(Beginning of DATA RECORDS)

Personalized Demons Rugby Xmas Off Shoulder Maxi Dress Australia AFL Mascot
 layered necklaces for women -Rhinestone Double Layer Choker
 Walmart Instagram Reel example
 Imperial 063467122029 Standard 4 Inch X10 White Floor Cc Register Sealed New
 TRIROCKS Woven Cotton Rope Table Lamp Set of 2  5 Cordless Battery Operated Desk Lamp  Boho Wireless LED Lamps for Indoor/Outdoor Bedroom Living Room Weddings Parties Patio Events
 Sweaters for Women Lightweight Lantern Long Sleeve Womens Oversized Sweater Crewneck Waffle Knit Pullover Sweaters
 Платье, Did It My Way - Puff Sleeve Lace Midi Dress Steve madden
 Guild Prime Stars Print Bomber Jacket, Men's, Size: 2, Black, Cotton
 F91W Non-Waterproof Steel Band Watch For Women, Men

(End of DATA RECORDS)

*YOUR GOAL*:
The expected result is an exact transcription of the lines from the one containing "Sweaters for Women" through the end of the records above; please include both ends.

*OUTPUT FOR THIS TASK*:
 Sweaters for Women Lightweight Lantern Long Sleeve Womens Oversized Sweater Crewneck Waffle Knit Pullover Sweaters
 Платье, Did It My Way - Puff Sleeve Lace Midi Dress Steve madden
 Guild Prime Stars Print Bomber Jacket, Men's, Size: 2, Black, Cotton
 F91W Non-Waterproof Steel Band Watch For Women, Men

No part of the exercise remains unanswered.